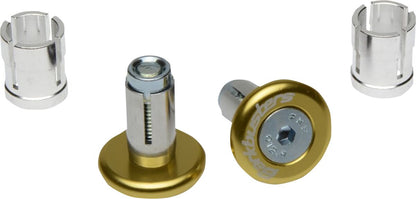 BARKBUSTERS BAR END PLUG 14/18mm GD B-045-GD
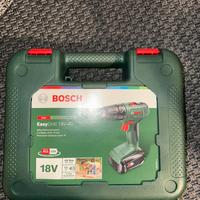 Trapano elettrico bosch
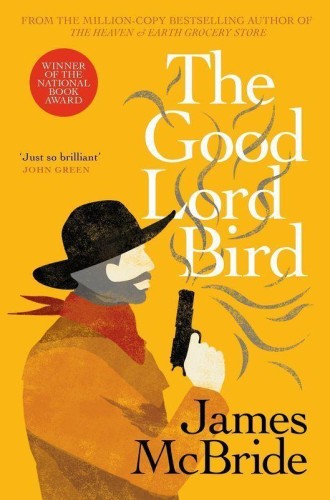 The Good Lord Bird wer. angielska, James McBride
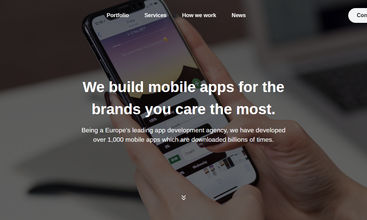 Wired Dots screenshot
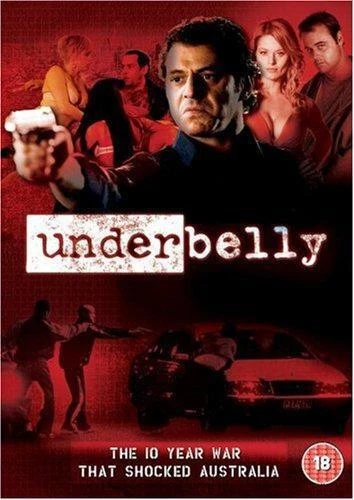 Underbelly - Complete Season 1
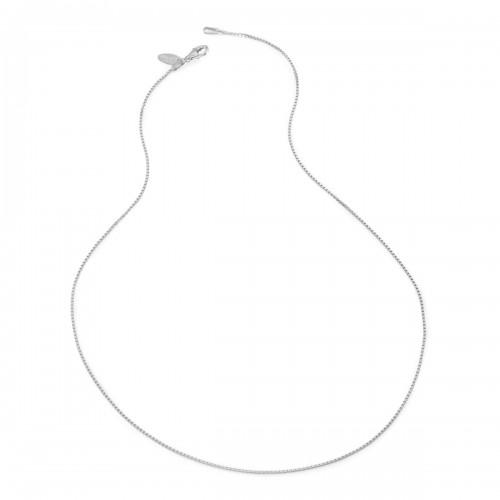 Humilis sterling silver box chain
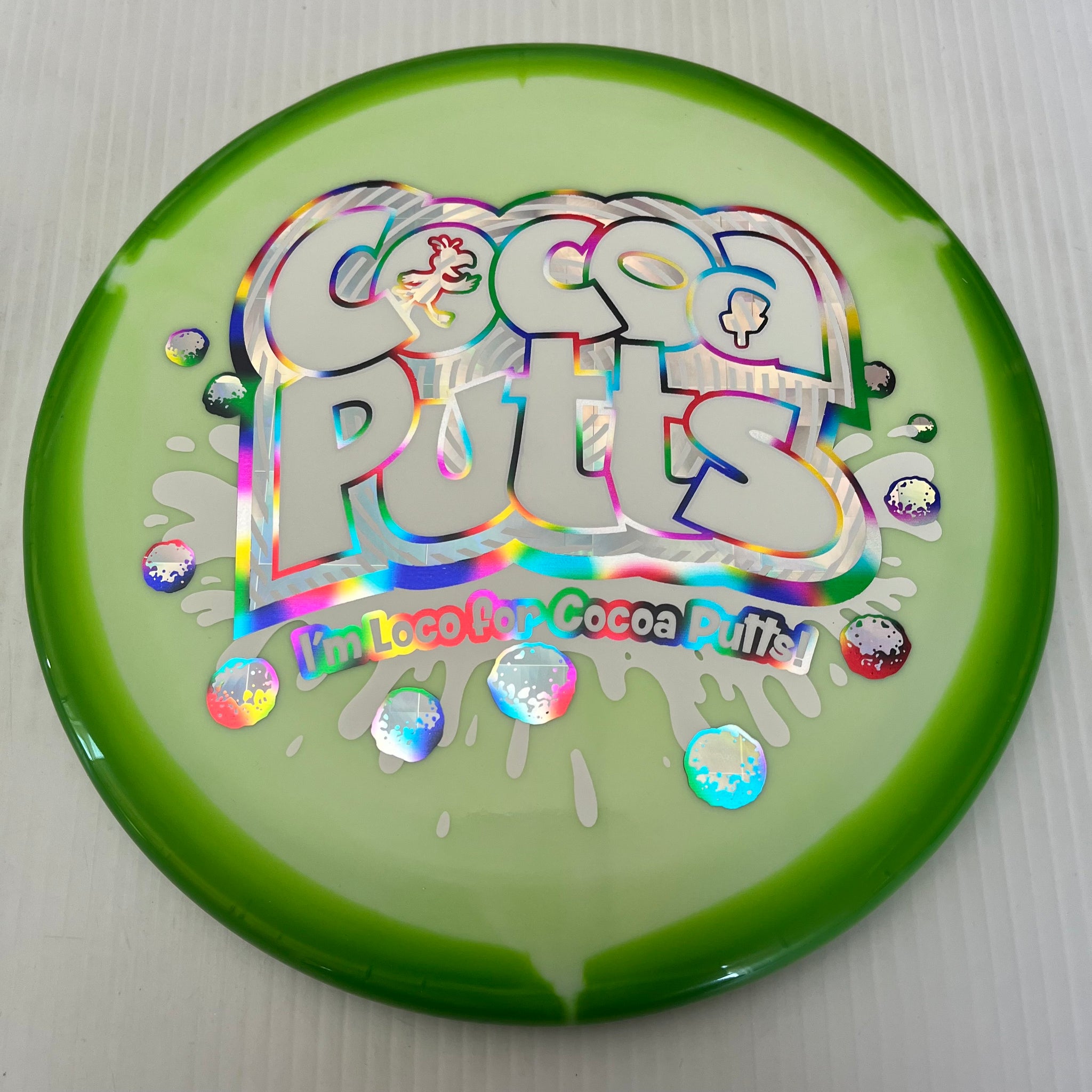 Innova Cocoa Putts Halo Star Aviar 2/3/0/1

* * *

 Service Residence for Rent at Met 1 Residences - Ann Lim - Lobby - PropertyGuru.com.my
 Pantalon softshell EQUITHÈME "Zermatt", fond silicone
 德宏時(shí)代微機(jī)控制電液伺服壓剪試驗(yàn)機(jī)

--

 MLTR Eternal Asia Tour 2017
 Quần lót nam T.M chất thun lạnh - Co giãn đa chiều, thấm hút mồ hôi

→ Task instructions
Restate word for word the entries above from the line with "MLTR Eternal Asia Tour 2017" through the line with "Quần lót nam", inclusive, leaving out everything else.

→ Response to this task
 MLTR Eternal Asia Tour 2017
 Quần lót nam T.M chất thun lạnh - Co giãn đa chiều, thấm hút mồ hôi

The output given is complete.